• [Task inputs]

* * * * *

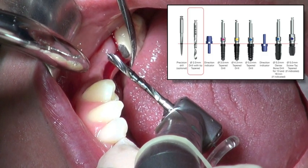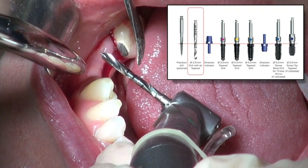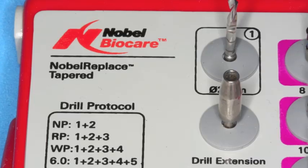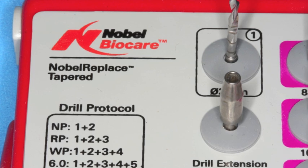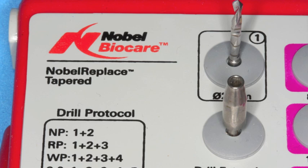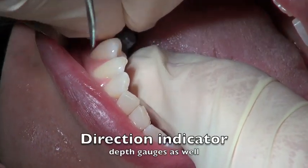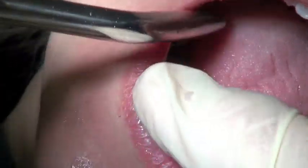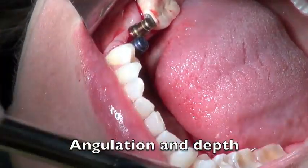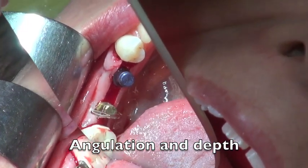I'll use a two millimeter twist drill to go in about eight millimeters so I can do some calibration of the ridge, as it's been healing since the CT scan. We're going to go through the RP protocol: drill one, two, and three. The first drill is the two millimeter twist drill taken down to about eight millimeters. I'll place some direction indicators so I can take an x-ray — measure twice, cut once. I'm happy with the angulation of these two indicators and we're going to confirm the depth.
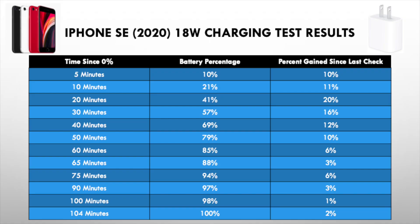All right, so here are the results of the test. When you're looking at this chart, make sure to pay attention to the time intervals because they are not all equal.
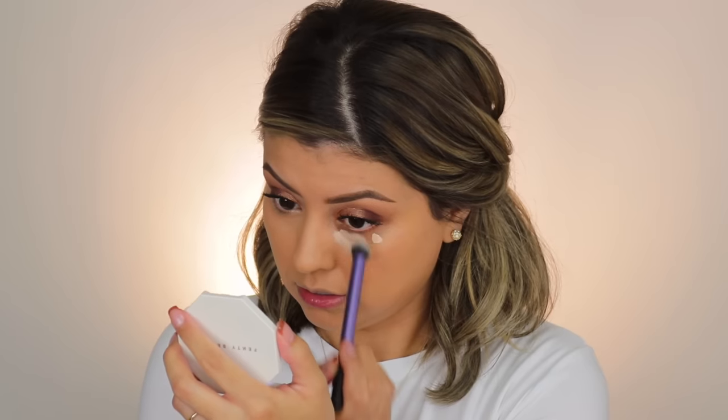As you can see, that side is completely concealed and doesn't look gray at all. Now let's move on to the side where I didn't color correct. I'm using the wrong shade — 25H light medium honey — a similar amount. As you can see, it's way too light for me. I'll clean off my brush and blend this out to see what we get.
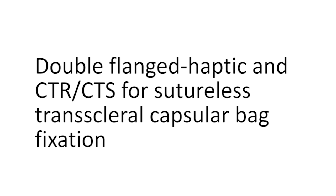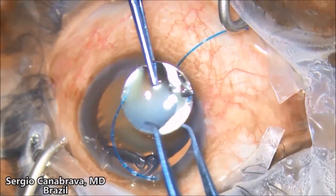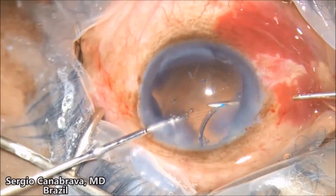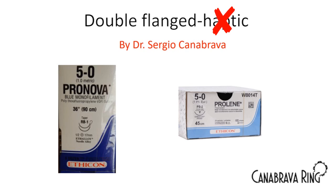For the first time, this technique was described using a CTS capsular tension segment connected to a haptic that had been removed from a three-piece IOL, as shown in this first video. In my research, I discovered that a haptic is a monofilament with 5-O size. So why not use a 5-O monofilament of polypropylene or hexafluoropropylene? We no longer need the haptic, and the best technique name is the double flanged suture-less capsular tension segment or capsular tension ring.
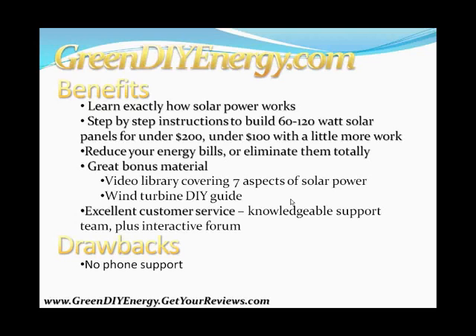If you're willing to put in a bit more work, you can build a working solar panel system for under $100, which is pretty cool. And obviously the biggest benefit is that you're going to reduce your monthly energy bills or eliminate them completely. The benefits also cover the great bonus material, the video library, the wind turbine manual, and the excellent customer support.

* * * * *

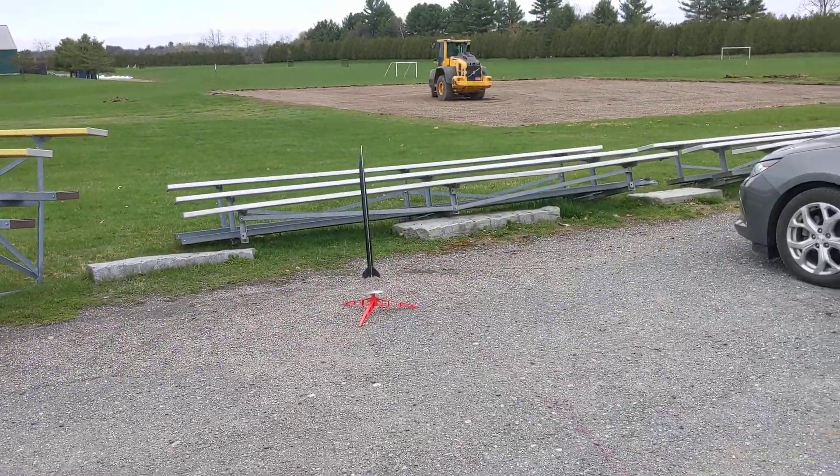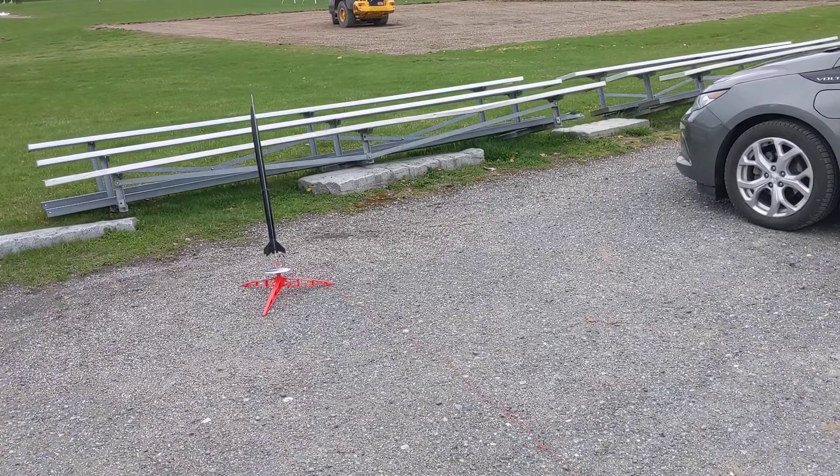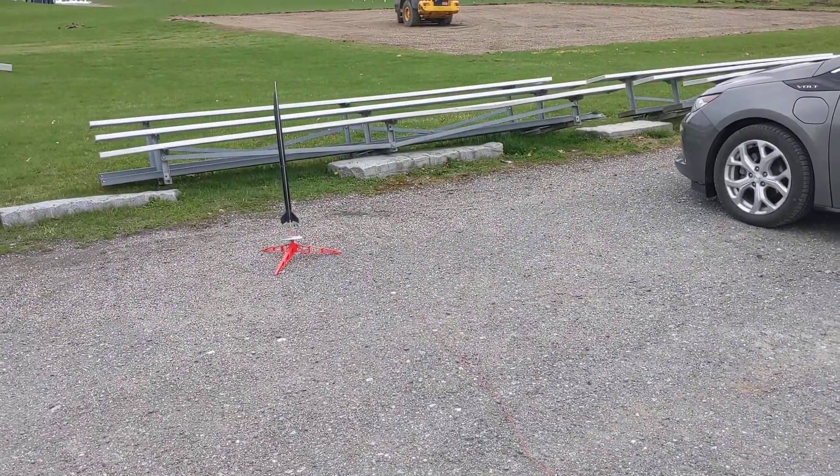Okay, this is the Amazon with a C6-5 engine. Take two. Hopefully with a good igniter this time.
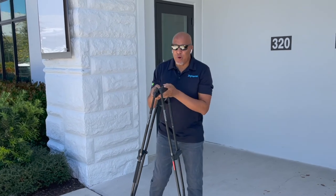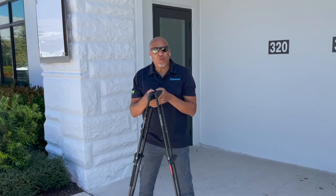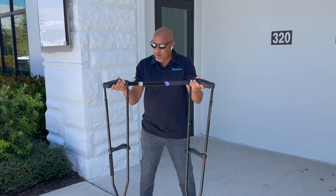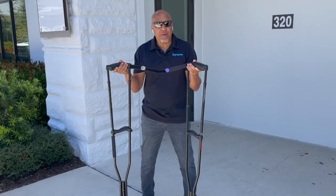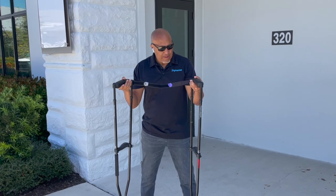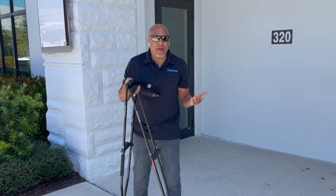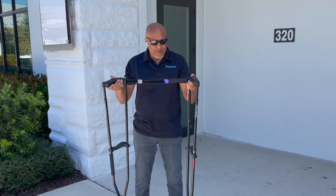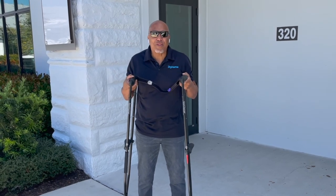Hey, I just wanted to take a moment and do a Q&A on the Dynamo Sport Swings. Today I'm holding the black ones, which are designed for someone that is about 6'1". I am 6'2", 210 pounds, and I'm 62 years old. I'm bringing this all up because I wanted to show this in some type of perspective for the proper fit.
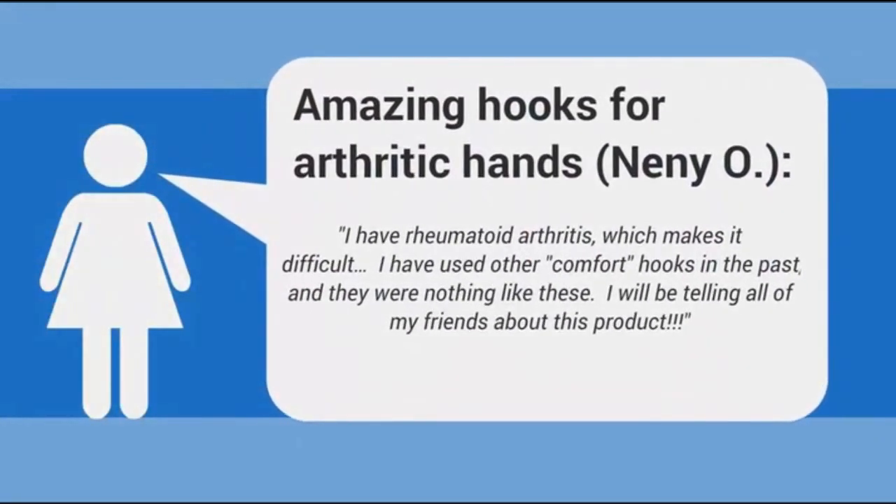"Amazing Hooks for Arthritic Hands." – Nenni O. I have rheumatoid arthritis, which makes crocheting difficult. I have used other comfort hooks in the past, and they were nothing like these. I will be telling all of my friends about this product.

* * * * *

• [Aim of the task] Copy exactly the part of the material above that opens with the line containing "I'll use a two" and closes with the line containing "If you're willing", ends included. Drop the images.

• [Answer to this problem]
I'll use a two millimeter twist drill to go in about eight millimeters so I can do some calibration of the ridge, as it's been healing since the CT scan. We're going to go through the RP protocol: drill one, two, and three. The first drill is the two millimeter twist drill taken down to about eight millimeters. I'll place some direction indicators so I can take an x-ray — measure twice, cut once. I'm happy with the angulation of these two indicators and we're going to confirm the depth.
All right, so here are the results of the test. When you're looking at this chart, make sure to pay attention to the time intervals because they are not all equal.
As you can see, that side is completely concealed and doesn't look gray at all. Now let's move on to the side where I didn't color correct. I'm using the wrong shade — 25H light medium honey — a similar amount. As you can see, it's way too light for me. I'll clean off my brush and blend this out to see what we get.
For the first time, this technique was described using a CTS capsular tension segment connected to a haptic that had been removed from a three-piece IOL, as shown in this first video. In my research, I discovered that a haptic is a monofilament with 5-O size. So why not use a 5-O monofilament of polypropylene or hexafluoropropylene? We no longer need the haptic, and the best technique name is the double flanged suture-less capsular tension segment or capsular tension ring.
If you're willing to put in a bit more work, you can build a working solar panel system for under $100, which is pretty cool. And obviously the biggest benefit is that you're going to reduce your monthly energy bills or eliminate them completely. The benefits also cover the great bonus material, the video library, the wind turbine manual, and the excellent customer support.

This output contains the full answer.